[comp.lang.c++] C++ Comments

sdm@cs.brown.edu (Scott Meyers) (05/22/89)

Consider the following C++ source line:

    //**********************

How should this be treated by the C++ compiler?  The GNU g++ compiler
treats this as a comment-to-EOL followed by a bunch of asterisks, but the
AT&T compiler treats it as a slash followed by an open-comment delimiter.
I want the former interpretation, and I can't find anything in Stroustrup's
book which indicates that any other interpretation is to be expected.

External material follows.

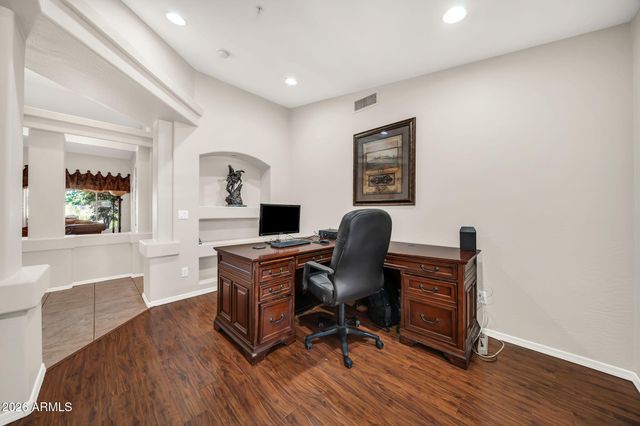 8039 W BRIDEN Lane, Peoria, AZ 85383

Actually, compiling -E quickly shows that the culprit is the preprocessor,
so my questions are:
    1.  Is this a bug in the AT&T preprocessor?  If not, why not?  If so,
    	will it be fixed in 2.0, or are we stuck with it?
    2.  Is it a bug in the GNU preprocessor?  If so, why?

Scott Meyers
sdm@cs.brown.edu

chapman@eris.berkeley.edu (Brent Chapman) (05/23/89)

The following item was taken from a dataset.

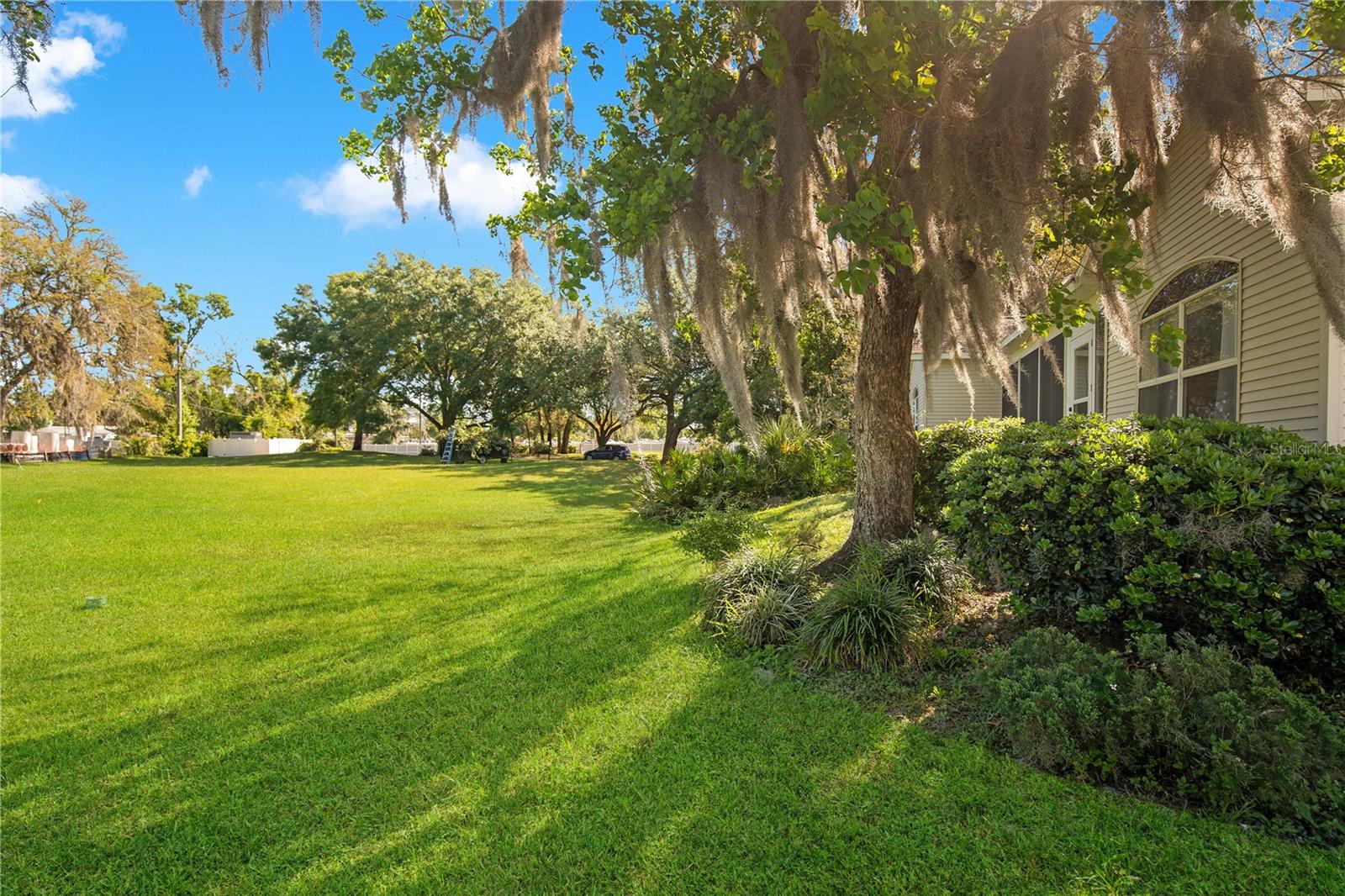 2149 SHERWOOD FOREST DR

In article <6957@brunix.UUCP> sdm@cs.brown.edu (Scott Meyers) writes:
>Consider the following C++ source line:
>
>    //**********************
>
>How should this be treated by the C++ compiler?  The GNU g++ compiler
>treats this as a comment-to-EOL followed by a bunch of asterisks, but the
>AT&T compiler treats it as a slash followed by an open-comment delimiter.
>I want the former interpretation, and I can't find anything in Stroustrup's
>book which indicates that any other interpretation is to be expected.

I'm new to C++, but C has always used a "greedy" parsing algorithm (that is,
it always takes the longest possible next token); I don't know why C++ would
do otherwise.  From K&R, p. 179:

    If the input stream has been parsed into tokens up to a given character,
    the next token is taken to include the longest string of characters which
    could possibly constitute a token.

g++ is doing the right thing, and the AT&T compiler is wrong.


-Brent
--
Brent Chapman					Capital Market Technology, Inc.
Computer Operations Manager			1995 University Ave., Suite 390
{lll-tis,ucbvax!cogsci}!capmkt!brent		Berkeley, CA  94704
capmkt!brent@{lll-tis.arpa,cogsci.berkeley.edu} Phone: 415/540-6400

ark@alice.UUCP (Andrew Koenig) (05/23/89)

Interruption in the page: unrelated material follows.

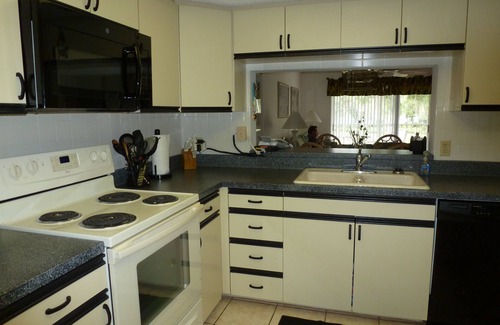 Tara Golf and Country Club Condo | Beautiful 2 Bed, 2 Bath Condo In Terraces At Tara Golf & Country Club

In article <6957@brunix.UUCP>, sdm@cs.brown.edu (Scott Meyers) writes:

> Consider the following C++ source line:

>     //**********************

> How should this be treated by the C++ compiler?

It's a // comment followed by a bunch of *'s.

However, many C preprocessors strip comments out of your
program and also don't recognize C++ comments.  Thus by the
time the C++ compiler sees this, it looks like this:

	/

AT&T does not supply a preprocessor with its C++ translator,
any more than it supplies a linker, assembler, or C compiler.
It's up to whoever ports C++ to deal with the preprocessor.
-- 
				--Andrew Koenig
				  ark@europa.att.com

hansen@pegasus.ATT.COM (Tony L. Hansen) (05/23/89)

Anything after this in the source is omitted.